5 Steps to Putting Yourself First Without Feeling Bad About It
The extent to which you love yourself affects everything in your life from how well you look after yourself, to how you allow other people to treat you. Self-love is sometimes confused with selfishness, however it is not selfish at all. You can absolutely prioritise your needs, whilst still caring about others and their needs. Self-love is deeply personal but includes regarding yourself positively, taking care of your needs and accepting only respectful, good treatment from others. If you have poor self-love, you are more likely to look for external sources of love, as well as receive and accept poor treatment.
What You'll Need
- Input from a close friend or family member (optional)
What You'll Do
- Pay attention to your internal voice. We each have a voice inside our head that can be negative at times. Tune in to your internal voice. Is it mostly positive and encouraging or negative and critical? If you find it is more of the latter, use the next step to develop a more positive internal dialogue.
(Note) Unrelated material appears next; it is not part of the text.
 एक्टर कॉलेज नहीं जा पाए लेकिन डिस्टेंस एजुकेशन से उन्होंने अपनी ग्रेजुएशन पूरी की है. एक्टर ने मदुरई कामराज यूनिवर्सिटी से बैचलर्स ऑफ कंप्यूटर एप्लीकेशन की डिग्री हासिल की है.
- Develop positive affirmations. Create your own affirmations that are personal to you. Tell yourself the things you wish someone else would say. Practice saying only good things to yourself for a week. Anytime you have a negative thought about yourself, replace it with a positive affirmation, such as "I am good enough". If a week feels difficult, start with a day at a time.
- Practice good self-care. Whether it’s exercising three times a week, taking a long bath before bedtime, or spending time with loved ones / alone; take time to do things that make you feel good physically, mentally, emotionally and spiritually.
- Identify your positive qualities. What are the things that make you proud to be you? Make a list of your personal qualities and achievements. When you've written as many as you can, challenge yourself to think of another five things! Consider asking someone close to you for their input. Sometimes those around us see things in us that we are unable to see (or too humble to acknowledge). Use your list as a tool to build a positive self-image.
- Set boundaries. This can be very difficult, particularly if you are a people pleaser but boundaries are a very important part of self-love. Decide what you are willing and unwilling to accept in your life and say no to anything that goes against the limits you set.
Tips & Warnings
- The more you practice self-love, the more loved you will feel and the less you will rely on external sources. Conversely you will likely attract more love from others! Above all, know that you deserve love and that you are enough just the way you are.